As described above, according to this embodiment, in addition to the conventional structure, the addition circuit 14 having the reproduction direction detection circuits 11 and 2 as a modulus has the structure, even if the CRC code creation at the time of recording is the preset system, It is possible to detect the code error of the reproduced signal with the same configuration as it is, whether the reset method, the normal rotation reproduction or the reverse rotation reproduction, and the circuit configuration can be simplified.

As described above, according to the present invention, whether the signal time series at the time of reproduction is the same as that at the time of recording, the signals are reversed, or at the time of recording.
Whether the CRC creation method is the preset method or the reset method, it is possible to detect a code error in the same process, and by using a common circuit, it is possible to significantly reduce the circuit scale. It is possible to realize an excellent error detection device capable of performing the above.

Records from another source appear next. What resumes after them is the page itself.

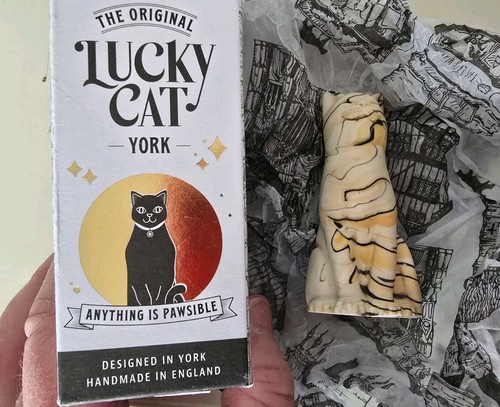 Large cat figure - , york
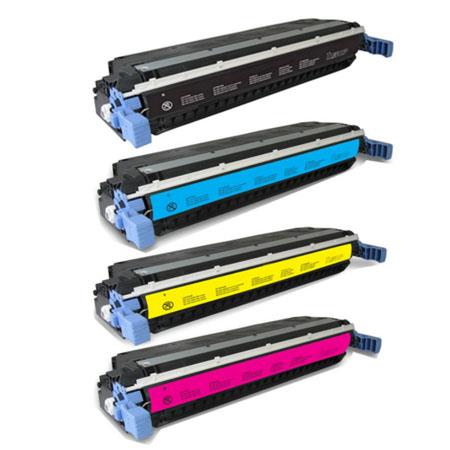 compatible multipack hp colour laserjet 5500n printer toner cartridges 4 pack -c9730a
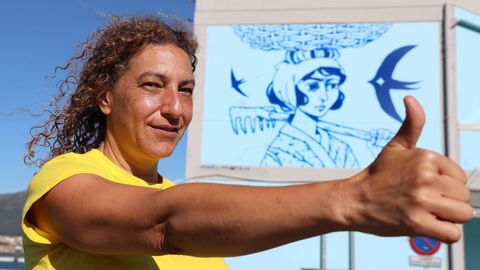Mariv Alba, ha conseguido el permex para mariscar en Noia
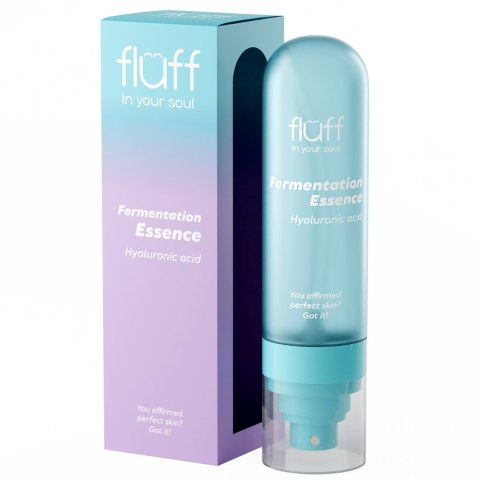 Fluff In Your Soul esencja do twarzy z kwasem hialuronowym na bazie fermentowanego ekstraktu z bambusa 80ml Fluff In Your Soul esencja do twarzy z kwasem hialuronowym na bazie fermentowanego ekstraktu z bambusa 80ml
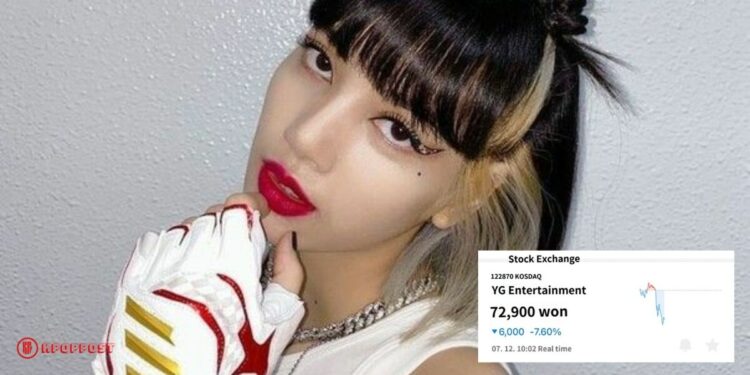 Lisa Is Leaving, YG Entertainment Stock Price Drops!
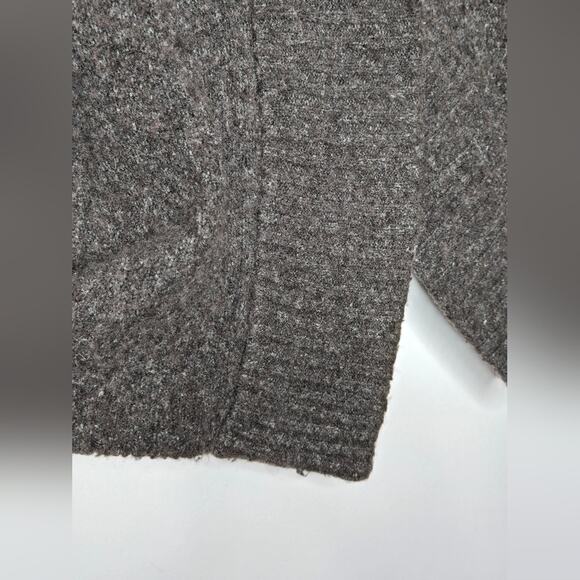 BCBG MaxAzria Cardigan Brown Wool Blend Puff Sleeves Button Medium - Picture 8 of 10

[Brief description of drawings]

FIG. 1 is a block diagram of an error detecting device in an embodiment of the present invention, FIG. 2 is a circuit diagram of a CRC error detecting circuit which is a main part of FIG. 1, and FIG. 3 is a time series of recording and reproducing signals. 4 is a timing chart showing the operation in the configuration of FIG. 1, and FIG. 5 is a block diagram showing a conventional CRC error detecting device. 11 …… Playback direction detection circuit, 12 …… Sync signal detection circuit, 13
...... Control signal generation circuit, 14 …… Addition circuit modulo 2
15 …… CRC error detection circuit.

Claims (3)

[Claims] 1. A single track on a recording medium records serial data in which a data sequence consisting of a sync signal, data, and a CRC code is repeated at a constant cycle, and when reproducing, the recording medium is recorded on the recording medium with the same normal data. Of the reproduction signal and the reproduction clock that are reproduced by driving in the reverse direction or the reverse direction, the synchronization signal detection means for detecting the cycle of the synchronization signal, the reproduction direction detection means for finding the reproduction direction of the synchronization signal, and the reproduction direction detection means. Depending on the output, if it is a forward reproduction, it is a generator polynomial, and if it is a backward reproduction, an error detection means by a CRC code that performs division processing by a reciprocal polynomial of the generation polynomial, and a signal further input to the error detection means If it is a reverse reproduction signal of the data encoded by the preset method, a predetermined value is added to a part of the reproduction signal and the CRC code part and input to the error detecting means. Adding means for, and error detection apparatus characterized by comprising a control signal generating means for generating respective control signals necessary to perform the above process. 2. The error detecting device according to claim 1, wherein the reproduction direction detecting means uses time-series asymmetry of the synchronizing signal. 3. The error detecting device according to claim 1, wherein the reproducing direction detecting means detects the rotational direction of the recording medium drive system.